ValidationError – if any input argument is not compliant.

Return Type:

bool

closest_reversible(initial_distribution=None, weighted=False)[source]

The method computes the closest reversible of the Markov chain.

Notes:
Parameters:

  • initial_distribution (Optional[Union [ndarray, spmatrix]]) – the distribution of the states (if omitted, the states are assumed to be uniformly distributed).

  • weighted (bool) – a boolean indicating whether to use the weighted Frobenius norm.

Raises:

  • ValidationError – if any input argument is not compliant.

  • ValueError – if the closest reversible could not be computed.

Return Type:

MarkovChain

committor_probabilities(committor_type, states1, states2)[source]

The method computes the committor probabilities between the given subsets of the state space defined by the Markov chain.

Notes:

  • If the Markov chain is not ergodic, then None is returned.
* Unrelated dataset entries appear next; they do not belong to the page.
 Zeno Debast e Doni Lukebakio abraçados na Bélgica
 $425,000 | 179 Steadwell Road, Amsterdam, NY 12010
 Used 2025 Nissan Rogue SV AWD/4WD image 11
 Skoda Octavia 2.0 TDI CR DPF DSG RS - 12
  • The method can be accessed through the following aliases: crp.

Parameters:

  • committor_type (str)

    • backward for the backward committor;

    • forward for the forward committor.

  • states1 (Union[int, str, List[int], List[str]]) – the first subset of the state space.
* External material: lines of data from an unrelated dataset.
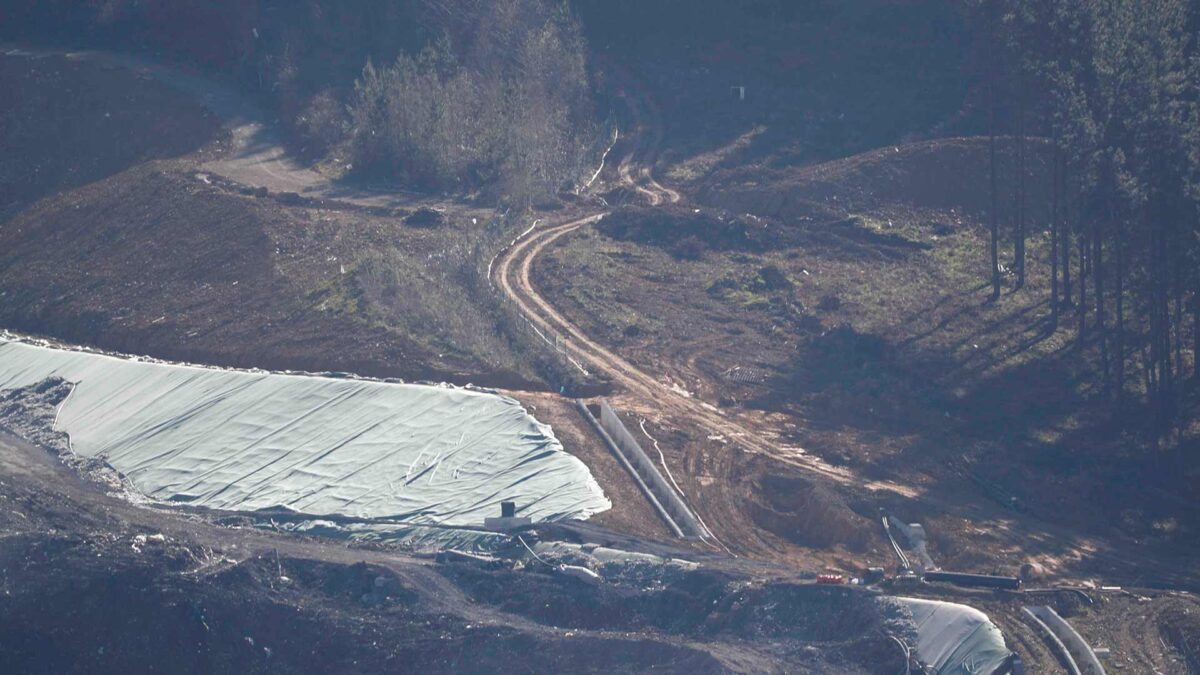 Maquinaria pesada trabaja para sofocar el incendio reavivado en el vertedero de Zaldibar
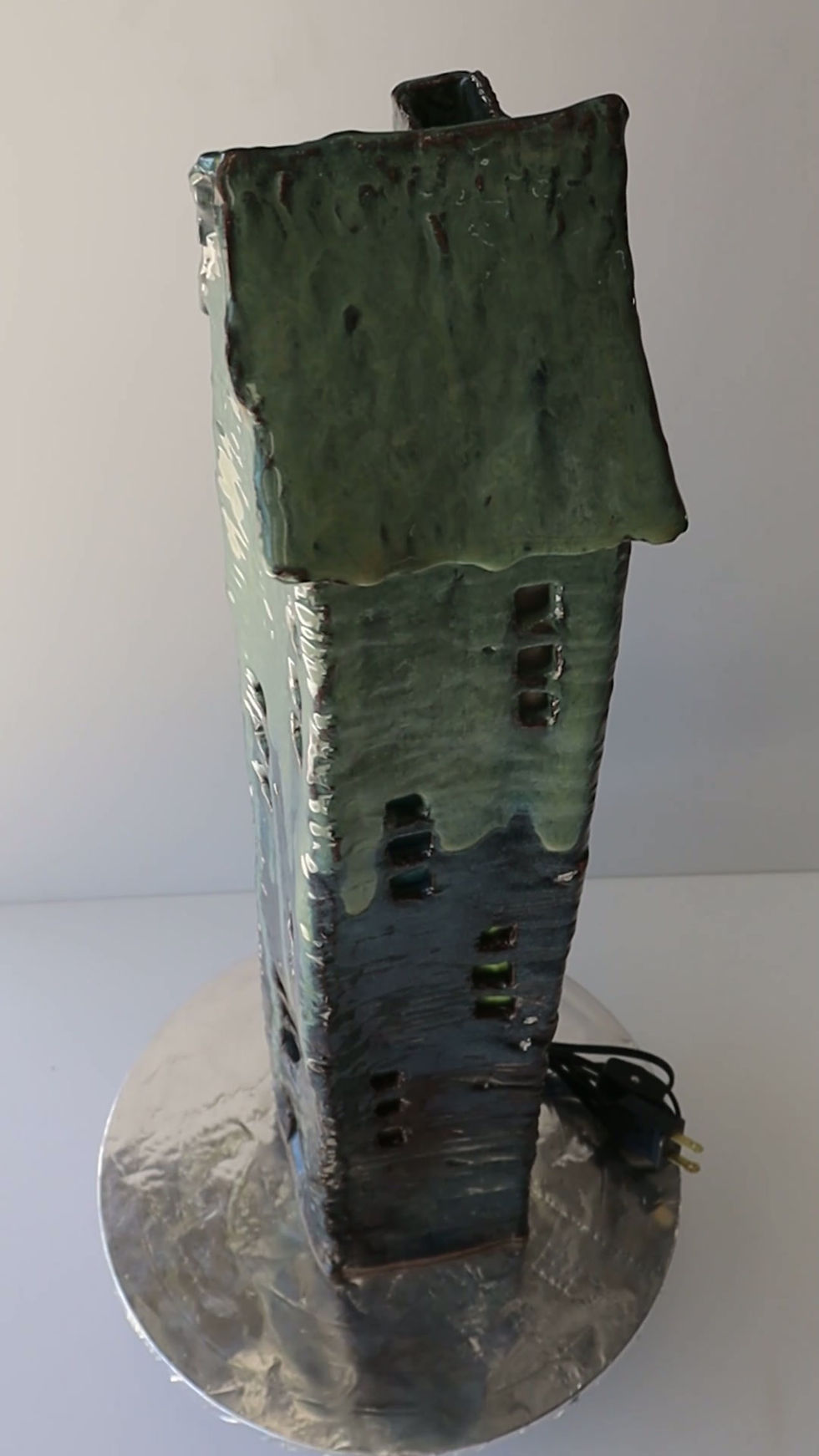 Thumbnail: House Lamp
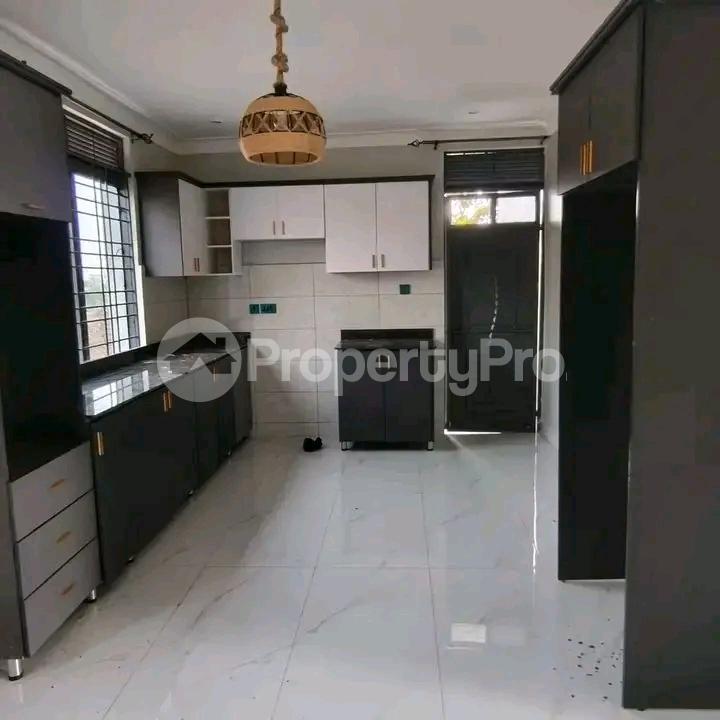 1 bedroom mini flat  Apartment Block Apartment for sale Kyanja road  Kampala Central Kampala Central - 4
  • states2 (Union[int, str, List[int], List[str]]) – the second subset of the state space.

Raises:

ValidationError – if any input argument is not compliant.

Return Type:

Optional[ndarray]

conditional_probabilities(state)[source]

The method computes the probabilities, for all the states of the Markov chain, conditioned on the process being at the given state.

Notes:

  • The method can be accessed through the following aliases: conditional_distribution, cd, cp.

Parameters:

state (Union[int, str]) – the current state.

Raises:

ValidationError – if any input argument is not compliant.

Return Type:

ndarray

expected_rewards(steps, rewards)[source]

The method computes the expected rewards of the Markov chain after N steps, given the reward value of each state.

Notes:

  • The method can be accessed through the following aliases: er.

Parameters:
Raises:

ValidationError – if any input argument is not compliant.

Return Type:

ndarray

expected_transitions(steps, initial_distribution=None)[source]
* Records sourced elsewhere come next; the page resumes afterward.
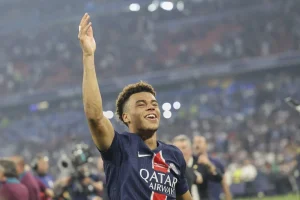 Ντεζιρέ Ντουέ: Ο 19χρονος σούπερ σταρ της Παρί που τρέλανε την Ευρώπη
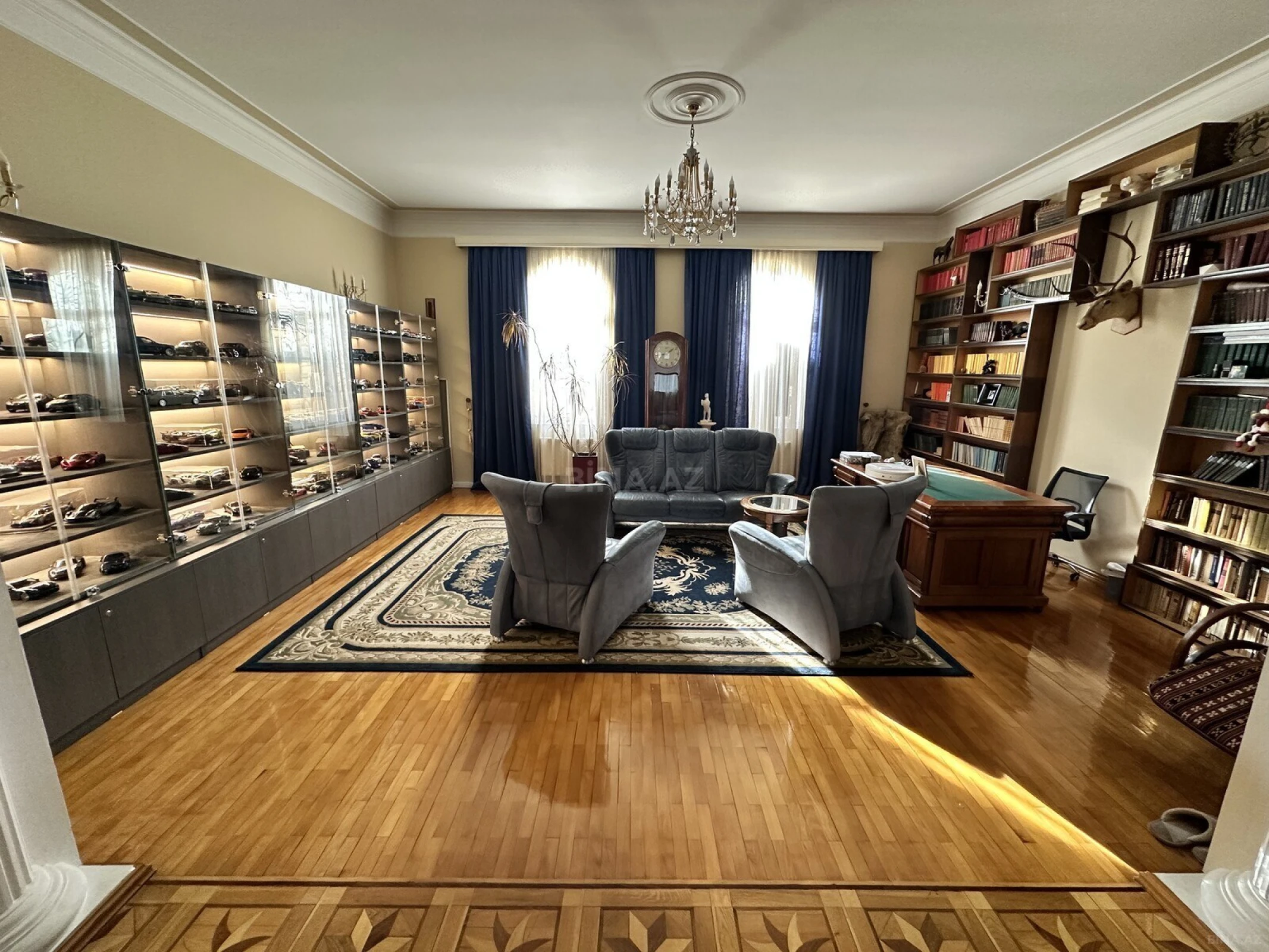 Satılır 10 otaqlı həyət evi 1320 m²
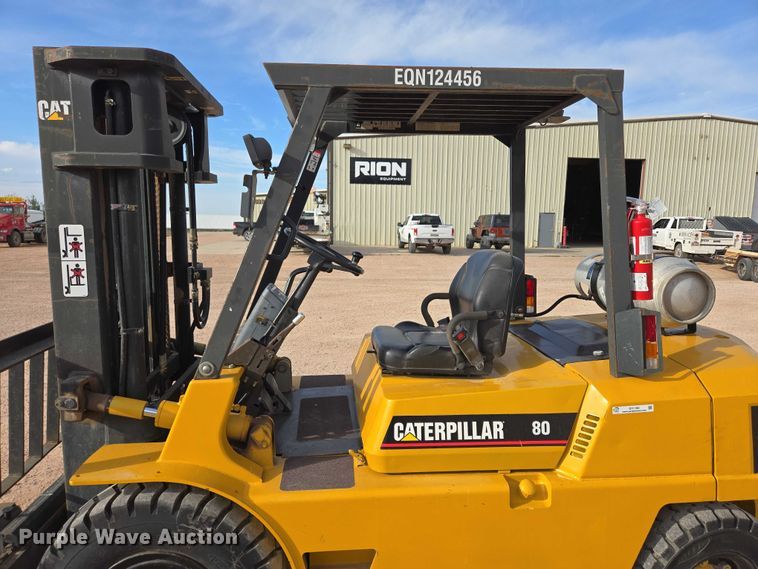 image for item DY1190 Caterpillar GP40 forklift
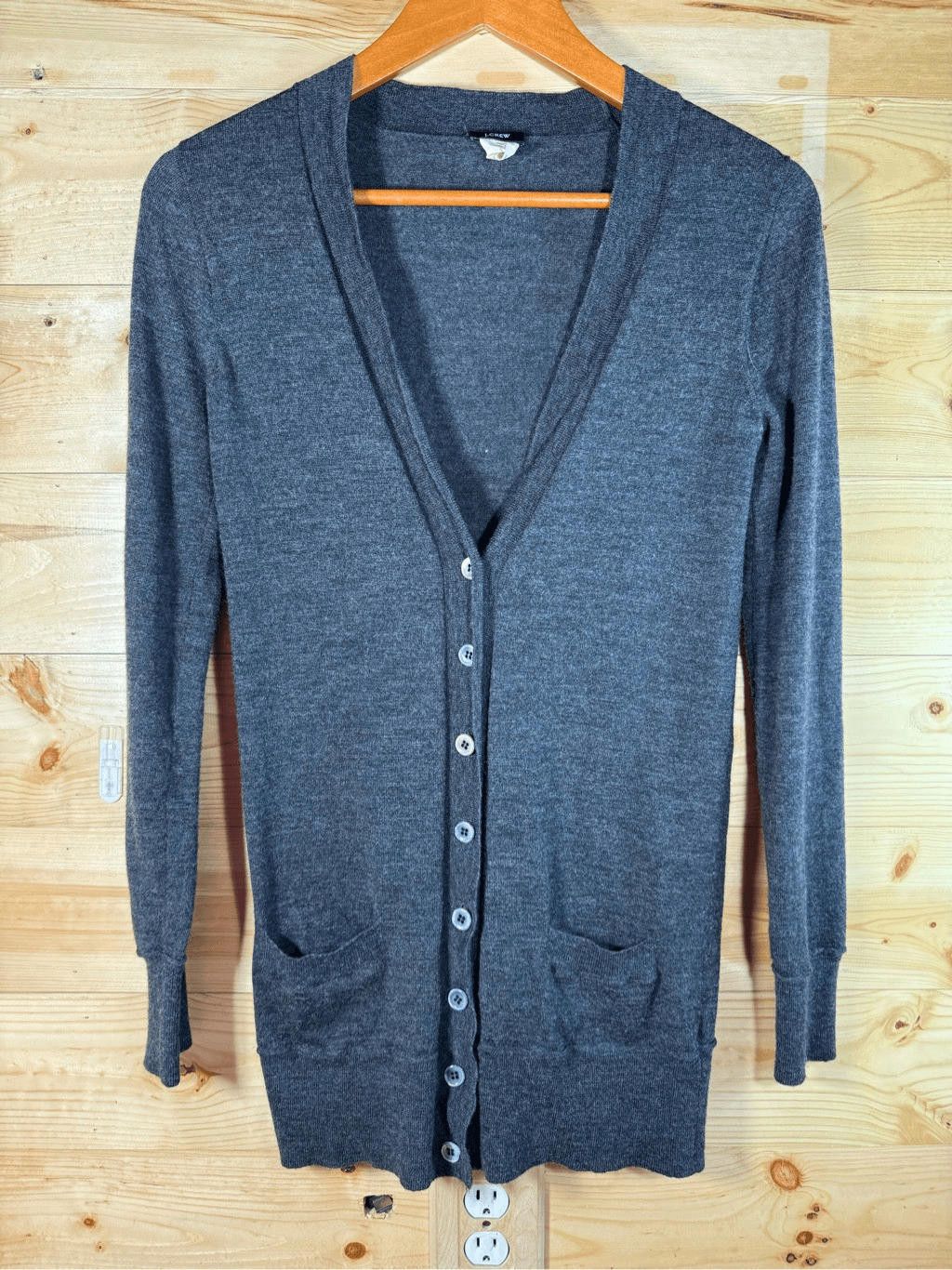 J.Crew J.Crew Women's Size Small 100% Merino Wool Cardigan Size S / US 4 / IT 40 - 1 Thumbnail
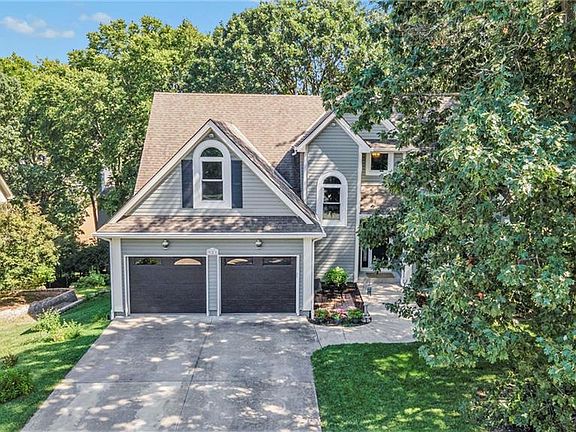 3rd image of 921 NE Emily Ln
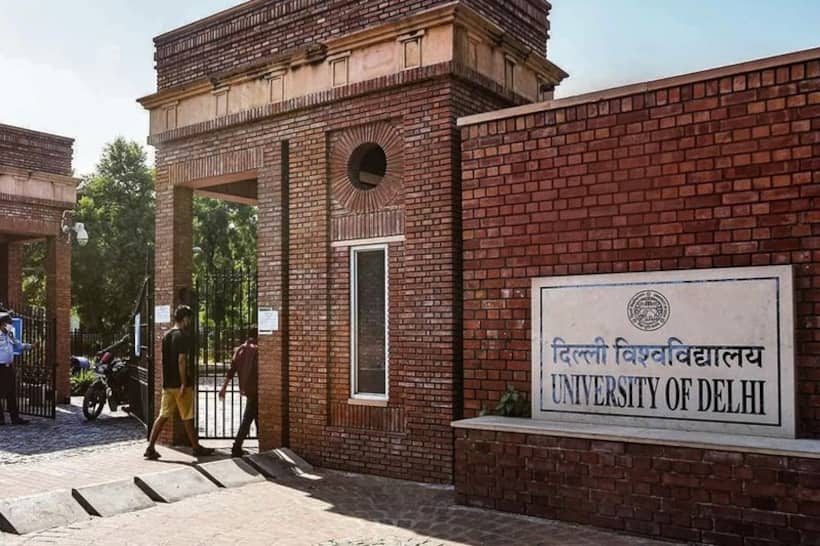 'Remove all misleading material about eligibility criteria from website': Delhi HC directs DU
The method computes the expected number of transitions performed by the Markov chain after N steps, given the initial distribution of the states.

Notes:

  • The method can be accessed through the following aliases: et.

Parameters:

  • steps (int) – the number of steps.

  • initial_distribution (Optional[Union [ndarray, spmatrix]]) – the initial distribution of the states (if omitted, the states are assumed to be uniformly distributed).

Raises:

ValidationError – if any input argument is not compliant.

Return Type:

ndarray

first_passage_probabilities(steps, initial_state, first_passage_states=None)[source]

The method computes the first passage probabilities of the Markov chain after N steps, given the initial state and, optionally, the first passage states.

Notes:

  • The method can be accessed through the following aliases: fpp.

Parameters:
Raises:

ValidationError – if any input argument is not compliant.

Return Type:

ndarray

first_passage_reward(steps, initial_state, first_passage_states, rewards)[source]

The method computes the first passage reward of the Markov chain after N steps, given the reward value of each state, the initial state and the first passage states.

Notes:

  • The method can be accessed through the following aliases: fpr.

Parameters:
Raises:
Return Type:

float

hitting_probabilities(targets=None)[source]

The method computes the hitting probability, for the states of the Markov chain, to the given set of states.

Notes:

  • The method can be accessed through the following aliases: hp.

Parameters:

targets (Optional[Union [int, str, List[int], List[str]]]) – the target states (if omitted, all the states are targeted).

Raises:

ValidationError – if any input argument is not compliant.

Return Type:

ndarray

hitting_times(targets=None)[source]

The method computes the hitting times, for all the states of the Markov chain, to the given set of states.

Notes:

  • The method can be accessed through the following aliases: ht.

Parameters:

targets (Optional[Union [int, str, List[int], List[str]]]) – the target states (if omitted, all the states are targeted).

Raises:

ValidationError – if any input argument is not compliant.

Return Type:

ndarray

is_absorbing_state(state)[source]

The method verifies whether the given state of the Markov chain is absorbing.

Parameters:

state (Union[int, str]) – the target state.

Raises:

ValidationError – if any input argument is not compliant.

Return Type:

bool

is_accessible(state_target, state_origin)[source]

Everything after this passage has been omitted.